* **What to produce**: Reproduce every line of the listing as written, apart from the pictures.

* **Data**:
━━━━━━━━
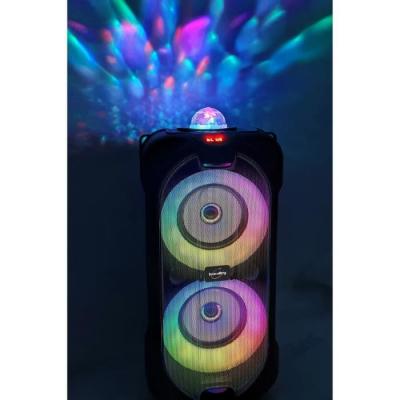 INOVALLEY Enceinte bluetooth karaoke  ka07 bowl INO3760024827874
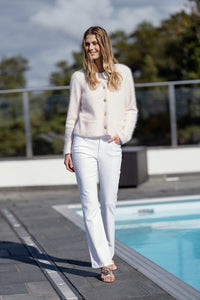 Ashley Cardigan, Offwhite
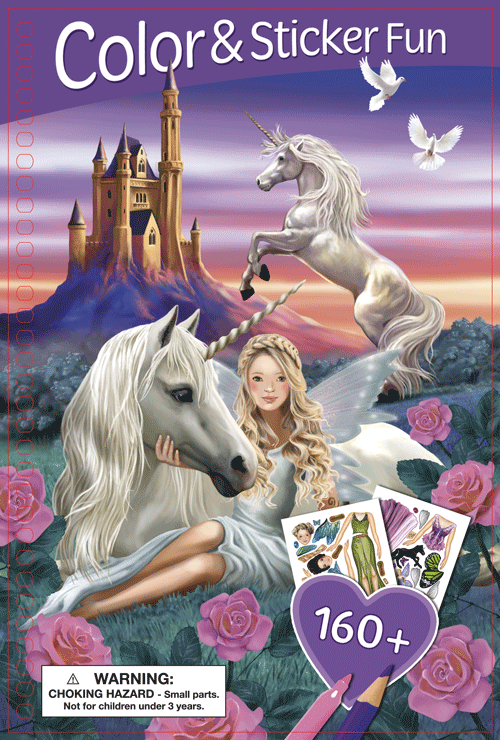 3D Color & Sticker Fun – Elves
━━━━━━━━
* **Answer section**:
 INOVALLEY Enceinte bluetooth karaoke  ka07 bowl INO3760024827874
 Ashley Cardigan, Offwhite
 3D Color & Sticker Fun – Elves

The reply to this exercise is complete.